Preparé un sándwich de pavo, queso y aguacate para Abby y le llené el plato de uvas y rodajas de manzana. Luego tomé una botella de agua de la nevera y volví al salón.
Ella cogió el plato.
—Tiene un aspecto delicioso. Gracias.
Tuve que luchar contra la necesidad de acariciarle la frente.
—Come sólo lo que te apetezca. —Bajé la vista hasta donde Apolo se había sentado junto a ella en el sofá—. Puedes descansar aquí o en tu habitación. Me llevaré al perro si te molesta.
Ella le acarició la cabeza.
—No pasa nada.
Encendí el televisor y le di el mando.
—Me voy a preparar un sándwich para mí. Vuelvo en un minuto.
Poco después, me senté al escritorio con mi comida y encendí el portátil. Le mandé un breve correo electrónico a Sara para decirle que volvería el lunes y luego revisé por encima el resto de los correos.
Leí un mensaje de Yang Cai y suspiré.

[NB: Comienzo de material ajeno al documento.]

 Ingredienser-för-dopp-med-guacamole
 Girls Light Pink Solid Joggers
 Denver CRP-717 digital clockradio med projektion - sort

Probablemente tendría que organizar un viaje a China un poco más adelante. Le contesté y le prometí que le daría más detalles en algún momento del fin de semana.
Cuando alcé la vista, Abby estaba durmiendo. Me levanté, recogí su plato, lo dejé en la mesa y le eché una manta por encima.
Luego me senté y observé cómo dormía.
La semana anterior quise enseñarle la biblioteca. ¿Y si iba un paso más allá? ¿Y si le ofrecía la biblioteca? Ella no solía aprovechar la libertad de la que disponía cuando nos sentábamos a la mesa de la cocina; ¿conseguiría que se sintiera más cómoda si le daba una habitación entera?
Sólo había una forma de averiguarlo.
Se despertó a las tres y media, parpadeó mientras miraba a su alrededor, y sonrió cuando me vio.
—¿Te encuentras mejor? —pregunté.
—Un poco.
Alargó el brazo y se tomó los analgésicos que le había dejado en la mesilla mientras dormía. Luego se levantó y se estiró.
—Ven conmigo. —Me levanté y me acerqué a ella, tendiéndole la mano—. Quiero que veas el ala sur de la casa.
Me cogió la mano sin vacilar y yo le acaricié los nudillos con el pulgar. Luego recorrimos el pasillo en dirección a la biblioteca.
¿Le gustaría?
Le solté la mano, abrí las puertas dobles y me hice a un lado para que pudiera entrar ella primero.
Abby jadeó.
—Quiero que ésta sea tu habitación —le dije—. Cuando estés en esta sala, serás libre de ser tú misma. Tus pensamientos. Tus deseos. Es toda tuya. Excepto el piano. El piano es mío.
«Utilízala, Abby. Por favor, sé tú misma. Ábrete a mí».
Entonces empezó a pasear por la habitación como si estuviera aturdida. Fue deslizando los dedos por los lomos de los libros y de vez en cuando se detenía para leer algún título. La luz del sol se reflejaba en su pelo y le iluminaba la cara.
Pero ¿qué estaría pensando?
—¿Abigail?
Se dio media vuelta y vi que por sus mejillas resbalaban varias silenciosas lágrimas.
¿Era una buena señal?
—Estás llorando —susurré, superado por las emociones que aquella chica conseguía despertar en mí—. Otra vez.
—Es muy bonito.
Le gustaba. Sonreí.
—¿Te gusta?
Se acercó a mí sin decir ni una sola palabra y me rodeó con los brazos.
—Gracias.
—No hay de qué —murmuré, con los labios pegados a su pelo.